CHURCHILL OUT OF HIBERNATION, WEEK 18
Few aspects of Winston Churchill are more controversial right now than his views on India before independence. Fortunately, as with virtually every other Churchillian aspect, there is no need to dredge the internet for misinformation on this subject because he published a book about it, unflinchingly titled: INDIA. In our ongoing excursion through Churchill’s book-length works, we examine INDIA next.
Winston Churchill was a colonialist. There is no disputing this. He believed in the British Empire, not as an institution of oppression but as a force for good, an elevating presence in every colonial corner of the globe. Today we must recognize that Churchill got colonialism all wrong, overlooking the fundamental human right of every colonial subject to self-determination. But there is an argument to be made that, as a product of his age, Churchill was a colonialist with a conscience.

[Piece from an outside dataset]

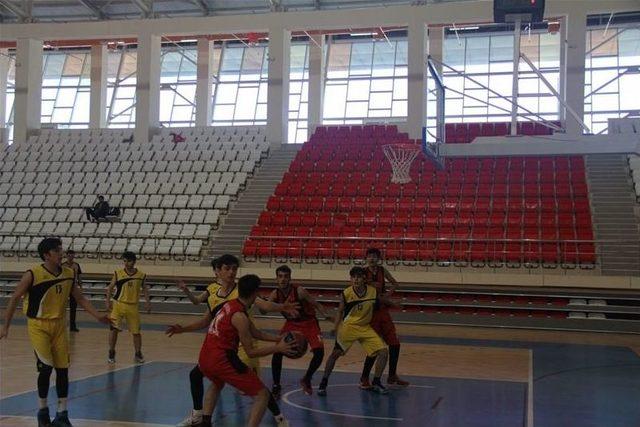Erzincan Basketbol Grup Müsabakalarına Ev Sahipliği Yapıyor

India was his weak spot. Churchill knew India well — as a young subaltern in the British cavalry he’d virtually grown to manhood there, from 1896-1899, age 22-24. His first book, The Story of the Malakand Field Force, was about his time in India.
While Churchill’s “Wilderness Years” of the 1930s would ultimately be dominated by Germany, they began with India. The Labour Government’s policy to grant India Dominion status was Churchill’s severing point in 1931 with the Conservative Party, once it too announced its willingness, as the largest party in the new national government, to put India on a path toward partial independence.
From that point on, Churchill was an outsider essentially without a party. His resistance to Indian independence, however eloquently expressed in his Parliamentary speeches, cemented his isolation.
The idea for a book of these speeches was Churchill’s. He offered his publisher, Thornton Butterworth, seven “very good speeches…I have taken much more trouble with them than any book,” then added three earlier orations and a sharply worded Introduction. India was published in a hardcover edition in May 1931 and in softcover almost immediately thereafter. It sold well enough for second printings of both editions to be issued.
Churchill’s essential forebodings about the Muslim-Hindu violence he feared liberation would bring to India did prove prophetic, as did his fears that the Untouchables would remain outcasts from much of Indian society. He also understood the political machinations of Gandhi but failed to comprehend Gandhi’s charismatic appeal, famously characterizing him in India‘s most famous speech as “a seditious Middle Temple lawyer, now posing as a fakir of a type well-known in the East, striding half-naked up the steps of the Viceregal Palace.”
Like so many of Churchill’s views, this sense of Gandhi also evolved. Four years after India was published, with an India Bill now passed in Parliament in 1935, Churchill invited one of Gandhi’s leading supporters, G. D. Birla, to lunch with him at Chartwell. After greeting Birla in the garden, Churchill confessed that “Mr. Gandhi has gone very high in my esteem since he stood up for the Untouchables . . . Tell Mr. Gandhi to use the powers that are offered,” Churchill implored, to Birla’s amazement, “and make the thing a success.”
We wish you continued health and safety.
With the election approaching, make use of the powers that are offered and make the thing a success.